TASK STATEMENT: Please give back each line of the material unchanged, but without the images.

INFORMATION SUPPLIED:
┌──

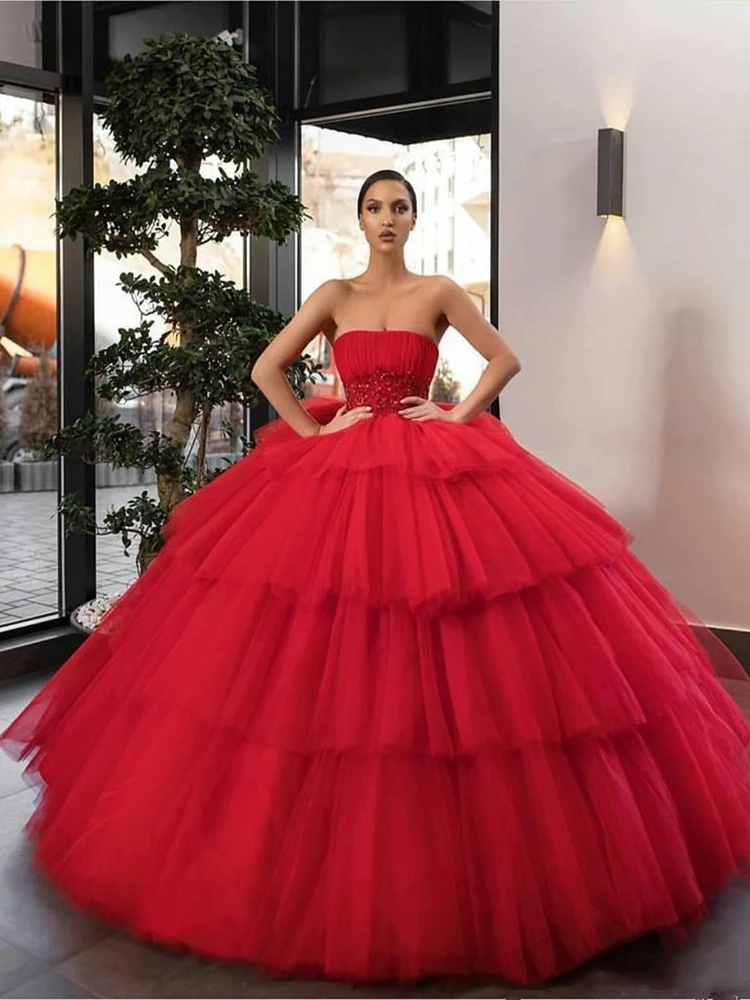 Strapless Tule Tiered Baljurk Quinceanera Jurken Geplooide 2021 Sexy Aangepaste Lange Prom Party Avondjurken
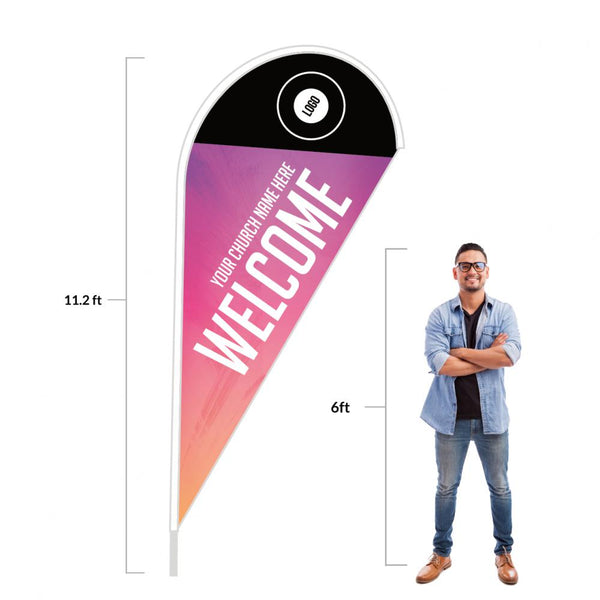Gradient and Paint Clean - Teardrop Flag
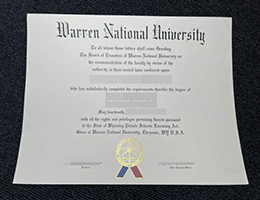 沃伦国立大学毕业证，Warren National University Degree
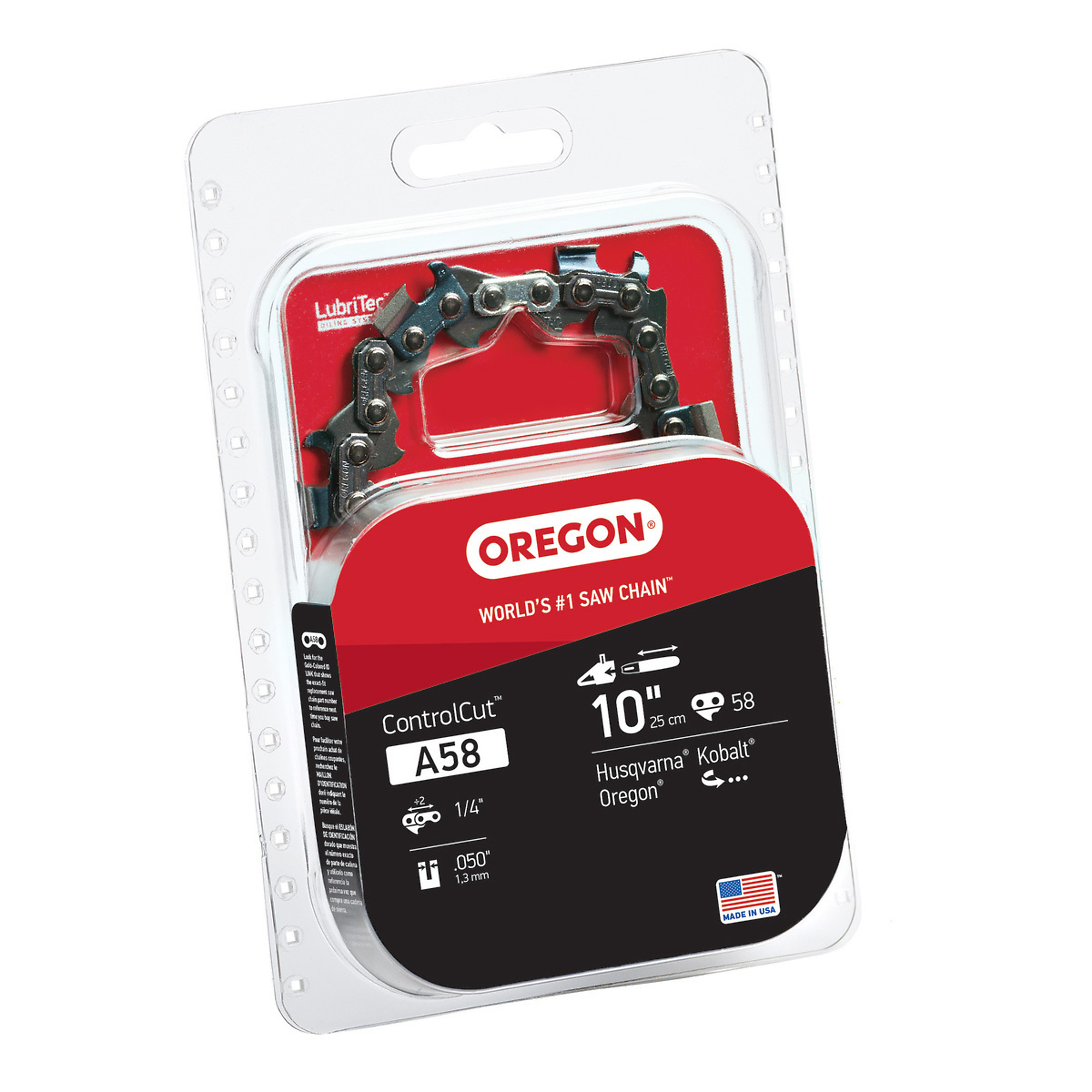 Oregon Chainsaw Loop Chain, 1/4in. x 0.050in., Fits 10in. Bar, Model# A58/25AP058G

└──

ANSWER TO THIS EXERCISE:
 Strapless Tule Tiered Baljurk Quinceanera Jurken Geplooide 2021 Sexy Aangepaste Lange Prom Party Avondjurken
Gradient and Paint Clean - Teardrop Flag
 沃伦国立大学毕业证，Warren National University Degree
 Oregon Chainsaw Loop Chain, 1/4in. x 0.050in., Fits 10in. Bar, Model# A58/25AP058G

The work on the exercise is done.